You can also see attainment wasn’t that variable through this (75 minute) period.
And here’s the Class 1 TCB time distribution graph:
Notice how the bucket limits are lower than in the Response Time case. In my code I can fiddle with them separately.
Over 95% of the transactions complete using less than 15ms of CPU.
These two graphs aren’t wildly interesting in this case but they illustrate the sort of thing we’ll be able to see as analysts with the new code. I think it’s a nice advance.
It’s been hard work and I’ve rewritten much of the reporting code. But I’m a long way forwards now.
It’s interesting to note the approach and, largely, the code is extensible to any transaction-like access to DB2. For example CICS/DB2 transactions. “Transaction-like” because much of the analysis requires frequent cutting of 101s.
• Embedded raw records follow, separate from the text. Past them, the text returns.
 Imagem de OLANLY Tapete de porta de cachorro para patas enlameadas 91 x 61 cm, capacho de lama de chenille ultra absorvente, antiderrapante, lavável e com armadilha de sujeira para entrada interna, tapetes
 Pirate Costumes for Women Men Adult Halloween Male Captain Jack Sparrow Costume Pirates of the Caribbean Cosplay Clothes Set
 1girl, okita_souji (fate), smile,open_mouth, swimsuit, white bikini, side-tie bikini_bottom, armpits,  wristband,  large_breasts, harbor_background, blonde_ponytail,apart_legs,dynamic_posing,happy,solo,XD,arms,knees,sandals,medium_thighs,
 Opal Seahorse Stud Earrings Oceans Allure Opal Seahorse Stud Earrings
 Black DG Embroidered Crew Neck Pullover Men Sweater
Most batch doesn’t look much like this.
I’d also encourage customers who have significant DDF work and collect 101 records to consider doing similar things to those in this post. This is indeed a rich seam to mine.
And I think I just might have enough material here for a conference presentation. Certainly a little too much for a blog post. 🙂
As always, I expect to learn from early experiences with the code. And to tweak and extend the code – probably as a result of this.
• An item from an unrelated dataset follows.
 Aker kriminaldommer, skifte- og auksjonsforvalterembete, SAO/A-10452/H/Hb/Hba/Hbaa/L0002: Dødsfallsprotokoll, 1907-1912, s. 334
So expect more posts on DDF.
By the way I count Commits and Aborts per record And can see where DDF rollup is occurring and whether the default 10 is in effect. ↩
But I think I have a workaround of sorts. ↩
Or at least doing Capacity Planning. ↩
Which are JDBC (Java) and (presumably) “Data Flow Engine”, whatever that is. ↩
It’s not quite that I won’t talk to you without it but pretty close. 🙂 ↩
I’m making the graphs add up to 100%. I could, of course, use absolute values. And that might be useful to figure out if we even have enough transaction endings to make Response Time goals useful. ↩